Regular readers know financial crises originate in and emerge from the Blind Betting quadrant of the Information Matrix.

Information Matrix

                                      Does Seller Know What They Are Selling?
Does Buyer Know What They are Buying? Yes No
Yes Perfect Information Antique Dealer Problem
No Lemon Problem Blind Betting

It is in this quadrant the value of securities is based on a story told by Wall Street.  Investors can Trust this story, but because of the lack of disclosure they cannot Verify the story.  As a result, when the story is called into doubt, there is no logical stopping place in the downward valuation of these securities other than zero.  Investors know this.  They respond by engaging in “bank runs” to try to get their money out when the story is called into doubt.  It is these “bank runs” PhD Economists see as a financial crisis.
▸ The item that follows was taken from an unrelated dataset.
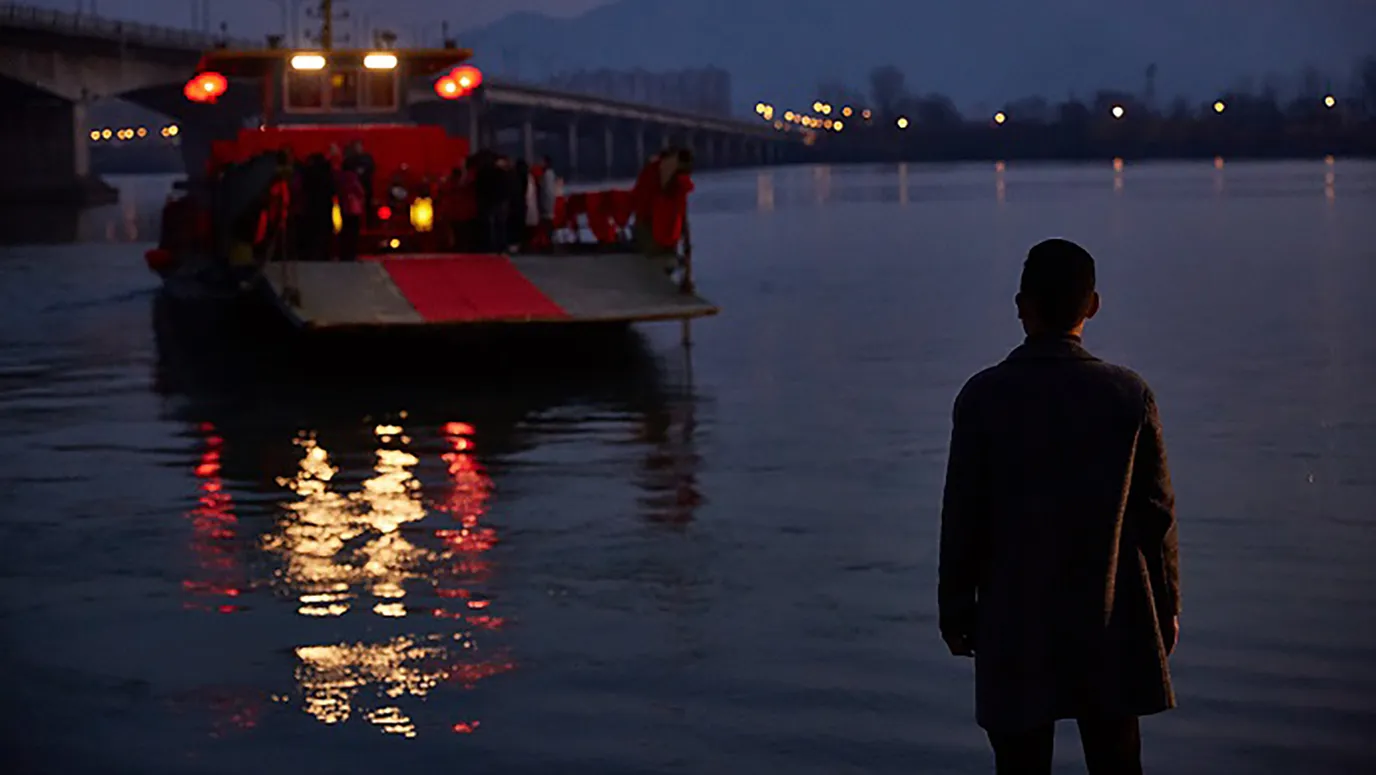 El hijo pequeño ve como su sobrina se casa a bordo de un transbordador que se aleja por el río de noche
With the Information Matrix, it is clear precisely how the regulators failed.  They failed to ensure all investments were in the Perfect Information quadrant and those that fell in the Blind Betting quadrant were identified as such.  This regulatory failure was shown by investors underestimating the risks hidden in the opaque securities sold in the Blind Betting quadrant.

With the Information Matrix, it is clear how to fix the financial system and prevent future financial crises.  The Transparency Label Initiative is the solution.

Without the Information Matrix, like the PhD Economists, you can spend a lot of time reforming and repairing the financial plumbing, but with little prospect of actually being successful.